WORKING DATA:

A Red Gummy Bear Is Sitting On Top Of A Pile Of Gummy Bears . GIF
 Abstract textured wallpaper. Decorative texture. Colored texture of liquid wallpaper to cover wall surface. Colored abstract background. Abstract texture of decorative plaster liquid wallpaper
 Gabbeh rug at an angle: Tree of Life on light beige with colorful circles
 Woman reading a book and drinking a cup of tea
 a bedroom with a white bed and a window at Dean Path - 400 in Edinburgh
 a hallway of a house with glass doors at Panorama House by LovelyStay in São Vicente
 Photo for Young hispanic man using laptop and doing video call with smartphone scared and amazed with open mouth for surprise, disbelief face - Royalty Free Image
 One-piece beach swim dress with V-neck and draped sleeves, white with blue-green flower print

TASK DESCRIPTION: Repeat, word for word, every line above.

SOLUTION BELOW:
A Red Gummy Bear Is Sitting On Top Of A Pile Of Gummy Bears . GIF
 Abstract textured wallpaper. Decorative texture. Colored texture of liquid wallpaper to cover wall surface. Colored abstract background. Abstract texture of decorative plaster liquid wallpaper
 Gabbeh rug at an angle: Tree of Life on light beige with colorful circles
 Woman reading a book and drinking a cup of tea
 a bedroom with a white bed and a window at Dean Path - 400 in Edinburgh
 a hallway of a house with glass doors at Panorama House by LovelyStay in São Vicente
 Photo for Young hispanic man using laptop and doing video call with smartphone scared and amazed with open mouth for surprise, disbelief face - Royalty Free Image
 One-piece beach swim dress with V-neck and draped sleeves, white with blue-green flower print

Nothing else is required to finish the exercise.